You can test dbplyr translation using simulated database connections. For example:

library(dplyr)
library(dbplyr)

age=18:29
height=c(76.1,77,78.1,78.2,78.8,79.7,79.9,81.1,81.2,81.8,82.8,83.5)
gender=c("M","F","M","M","F","F","M","M","F","M","F","M")
testframe = data.frame(age=age,height=height,height2=height,gender=gender,gender2=gender)

remote_table = tbl_lazy(testframe , con = simulate_mssql()) # the simulation

remote_table %>%
  mutate(height3 = height2) %>%
  select(height, height2, height3) %>%
  show_query()

If this produces valid database code then you know that your dplyr commands are working as intended. But if this produces unexpected database commands (or R commands appear in the translation) then dbplyr has not been able to translate your instructions into the database language.
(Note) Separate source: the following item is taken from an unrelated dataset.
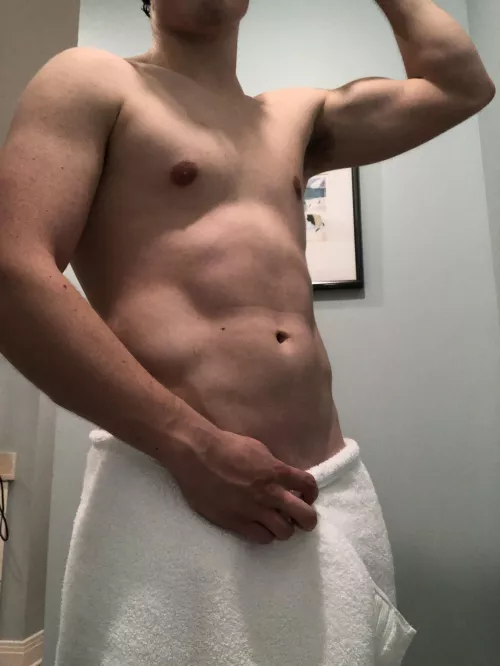 19M - Nashville - Inexperienced BWC looking for couple by anonimity2152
For this type of problem I might take an approach like the following:

all_column_names = colnames(remotetable)
num_cols = length(all_column_names)
is_dupe = rep(0, num_cols)

for(ii in 1:(num_cols - 1)){
  for(jj in 2:num_cols) {
    colA = all_column_names[ii]
    colB = all_column_names[jj]

    this_check = remotetable %>%
      mutate(compare = ifelse(!!sym(colA) == !!sym(colB), 1, 0)) %>%
      ungroup() %>%
      summarise(num = n(), matches = sum(compare)) %>%
      collect()

    if(this_check$num == this_check$matches)
      is_dupe[jj] = 1
  }
}

The idea is to iterate through all pairs of columns, and using basic dplyr commands check if every value is equal. If the number of equal values is equal to the total number of values then match the column as a duplicate. You can then use the output to select the non-duplicate columns.

Notes

  • !!sym(colA) takes the text stored inside that variable colA and turns it into a column name that dbplyr can handle.
  • collect() is the command to pull data from the database into local R memory. Only do this once you are confident that the data will fit in local memory.
Simon.S.A.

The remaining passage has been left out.